[Captioned web images]
────

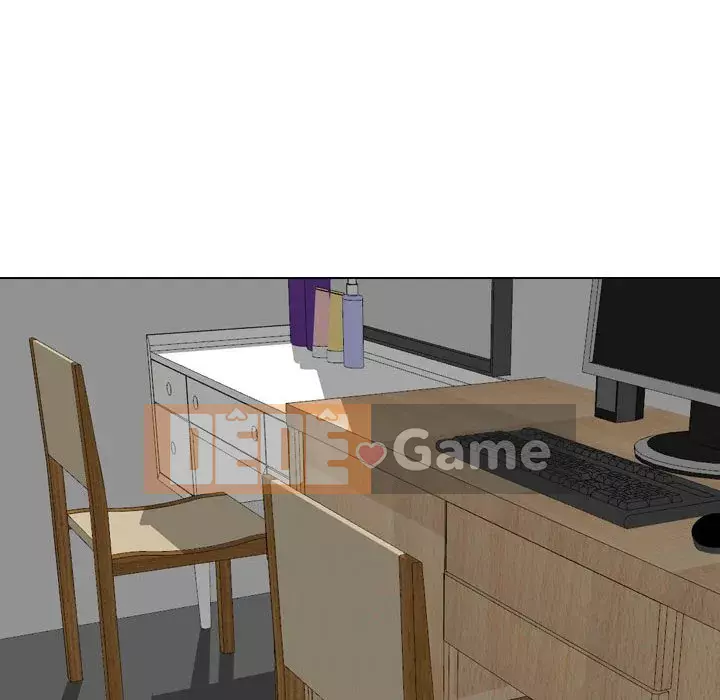 Không chỉ là tình bạn Chương 30-31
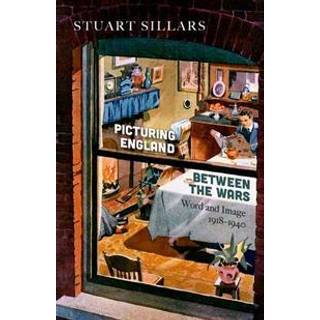 Picturing England between the Wars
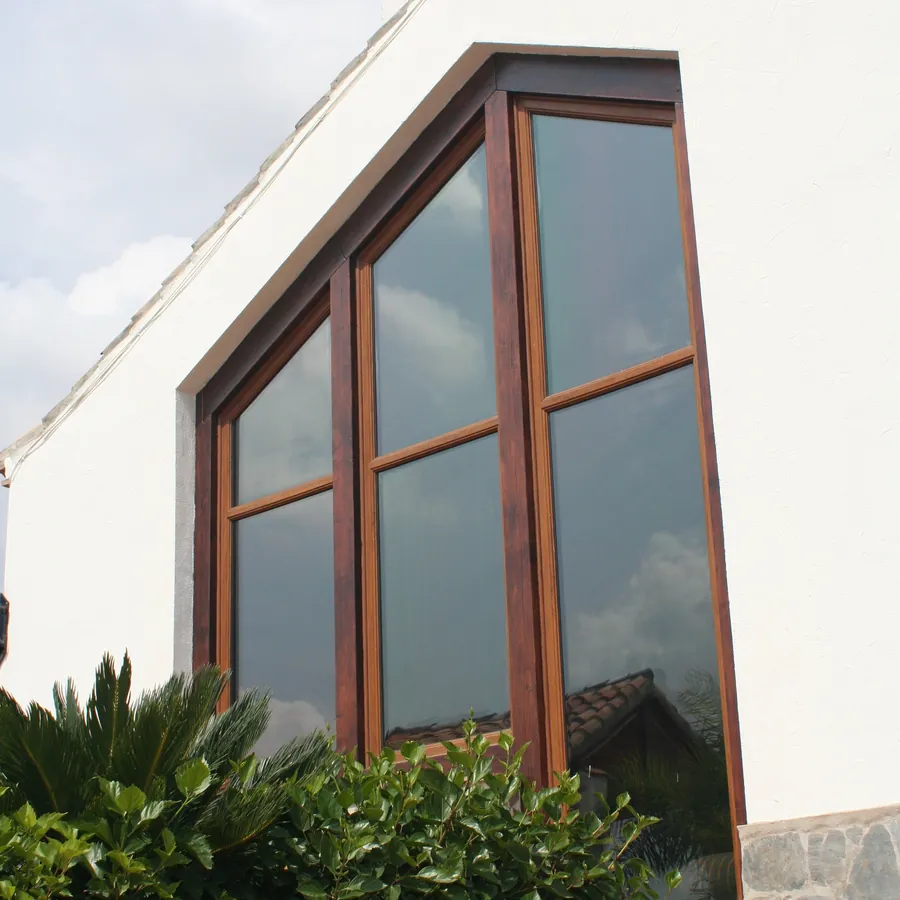 Bay Windows — Product Lambeth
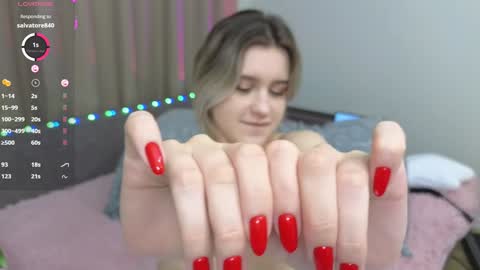 Dusya online show from January 17, 2025, 1:24 pm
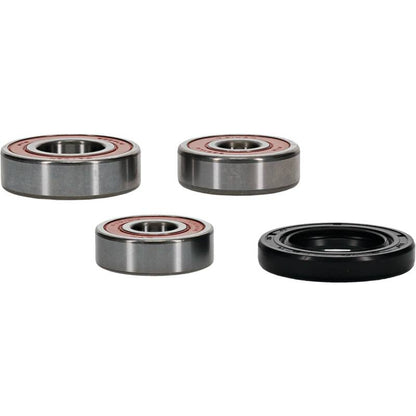 Pivot Works Pw Premium Wheel Bearing 25-1400-P 25-1400-P Photo - Primary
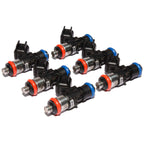 FAST Injector FAST 6-Pack 50Lb/hr FAST Fuel Injectors - Single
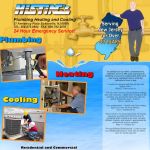 Histings Plumbing Heating & AC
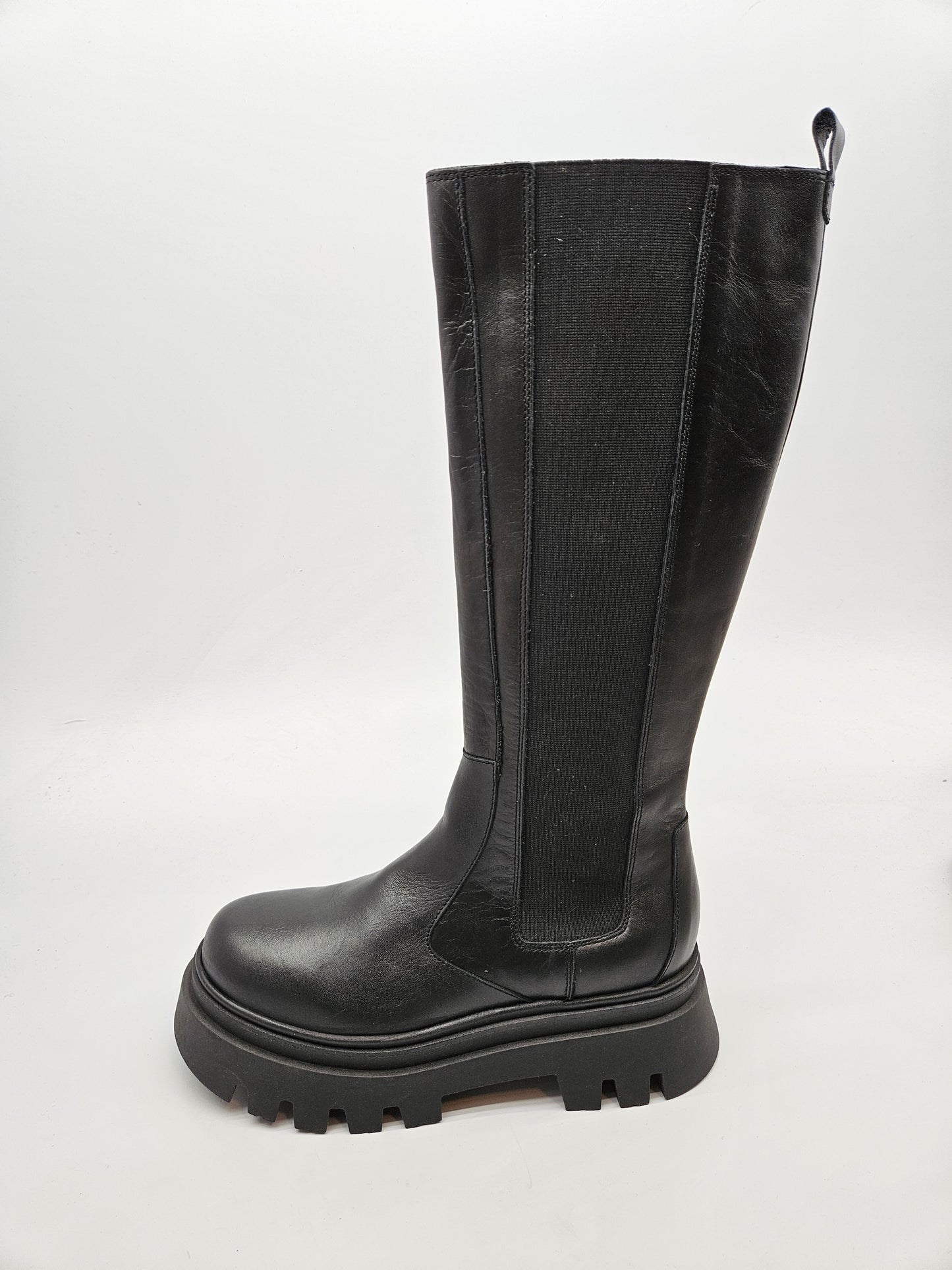 ALOHAS ORIGINAL KOZNI CIZMI BR 40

────

**WHAT THE EXERCISE ASKS**
Your task is an exact transcription of all the data, minus the pictures.

**EXERCISE SOLUTION**
 Không chỉ là tình bạn Chương 30-31
 Picturing England between the Wars
 Bay Windows — Product Lambeth
 Dusya online show from January 17, 2025, 1:24 pm
 Pivot Works Pw Premium Wheel Bearing 25-1400-P 25-1400-P Photo - Primary
 FAST Injector FAST 6-Pack 50Lb/hr FAST Fuel Injectors - Single
 Histings Plumbing Heating & AC
 ALOHAS ORIGINAL KOZNI CIZMI BR 40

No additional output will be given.